On closer inspection, luck played a bigger part in no one losing their life in last year’s Lake Ōhau Alpine Village fire. David Williams reports

It was the country’s most damaging wildfire in living memory.

The early-morning conflagration in October last year destroyed most of the houses in the Mackenzie Basin’s Lake Ōhau Alpine Village, burning through more than 5000 hectares, including conservation land.

The costs were eye-watering. Fighting the fire from the air alone cost more than $1.2 million, while insurance losses totalled about $35 million.

It’s a miracle no one was killed.

Last week, fire investigators published two reports which revealed the blaze was sparked by an electrical fault on a power line. Legal action is being considered.

Other major findings from the Fire and Emergency (FENZ) reports were that the incident was well-managed, and the community was prepared. A major reason posited for the successful evacuation of Lake Ōhau village was quick-thinking residents enacting the community’s wildfire plan, and the swift response by fire volunteers from nearby Ōmārama and Twizel.

“Recognising the wildfire risk, we have been working with the Lake Ōhau community for more than 20 years to develop a wildfire plan – and providing wildfire equipment and training,” Fire and Emergency Te Kei region manager Mike Grant said in a statement last week.

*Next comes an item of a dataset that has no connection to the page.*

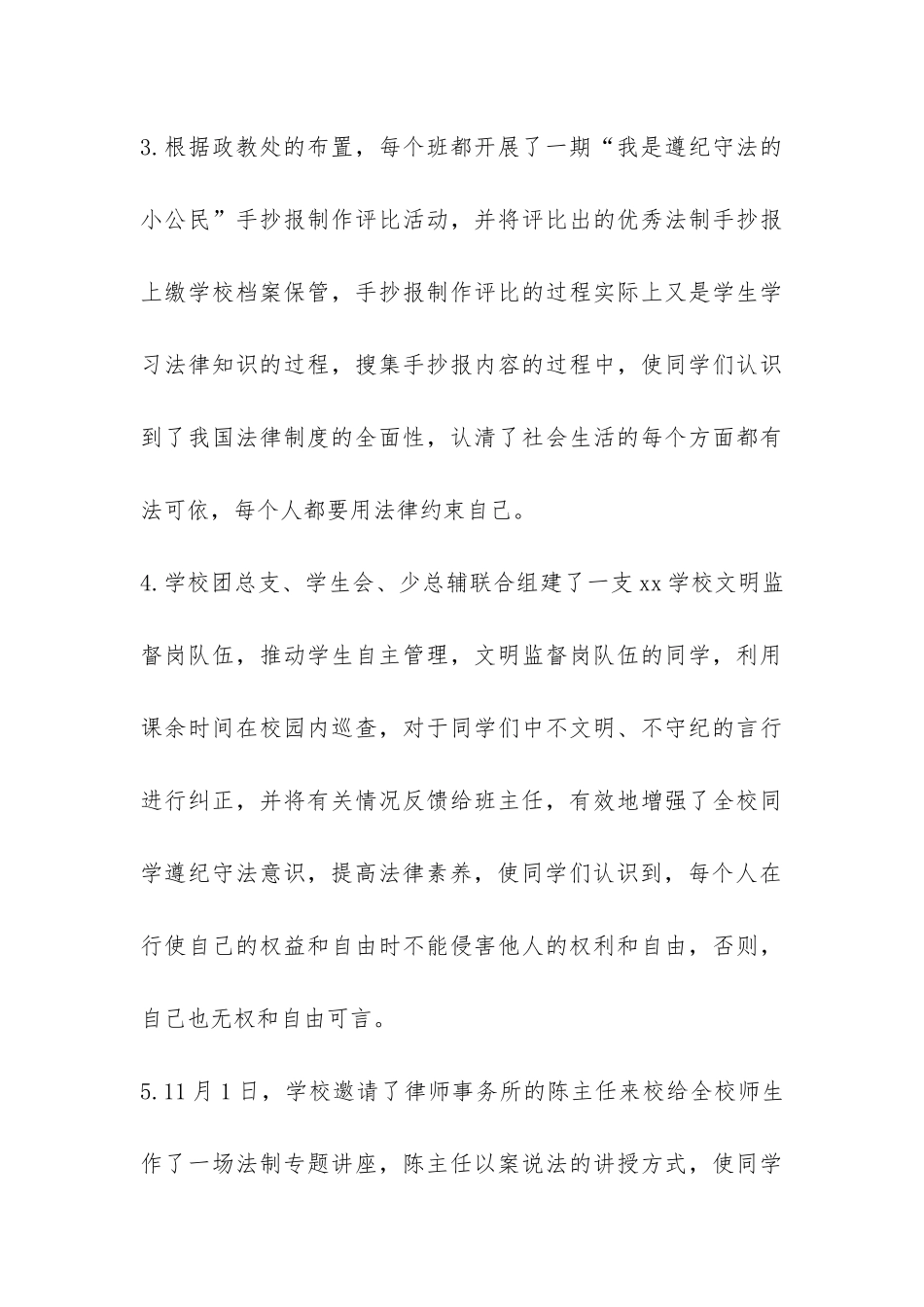 学校“六个一”法制宣传教育活动总结-_第3页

The Waitaki District Council installed a fire siren in the village in about 2012, which FENZ said played a “key role” in alerting residents of the need to evacuate.

However, this simplistic narrative – of a long-standing plan at Lake Ōhau that worked – doesn’t hold up to scrutiny. Indeed, it’s dispelled by information contained in FENZ’s reports.

There was more confusion and chaos in the village than was portrayed by the official line, and it seems luck played a much larger part in no one losing their life than was acknowledged last week.

Interestingly, the fire investigation report made no major recommendations.

That’s despite known problems with existing systems, and the village being surrounded by wilding trees and other pest plants, which are an obvious and immediate source of fuel for wildfires. One might argue a stronger report would have sounded a warning to other areas of the country with homes nestled in forested areas.

Gale-force winds fanned the fire that swept through Lake Ōhau Alpine Village last year. Photo: Supplied

“Emergency preparedness was well established and tested within the Lake Ōhau community – the community had a plan and like most plans you don’t ever expect to use it,” the executive summary of FENZ’s 105-page wildfire investigation report says. “The plan and the response by those staying within the community on the morning of 4 October most certainly avoided injuries and possibly loss of lives.”

It was a highly unusual situation – a wildfire fanned by gale-force winds that buffeted Lake Ōhau’s homes at 3 o’clock in the morning. Gusts were thought to have reached 160km/h.

The first 111 call was made at 3.06am, and the fire is estimated to have reached the village about 4.30am. (Also that morning, crews were called to a fire in Livingstone, inland from Oamaru, stretching emergency resources.)

The response did save lives. Residents activated the fire siren, and drove through the streets sounding their horns, and banged on doors and windows to wake neighbours. (One story put the village’s early warning about the fire down to an elderly dog’s need to pee at night.)

High praise was also given to emergency services, including volunteer fire crews who realised they needed to save lives rather than try and fight the huge conflagration. A police officer from Ōmārama evacuated one resident “as flames were encroaching on the house”.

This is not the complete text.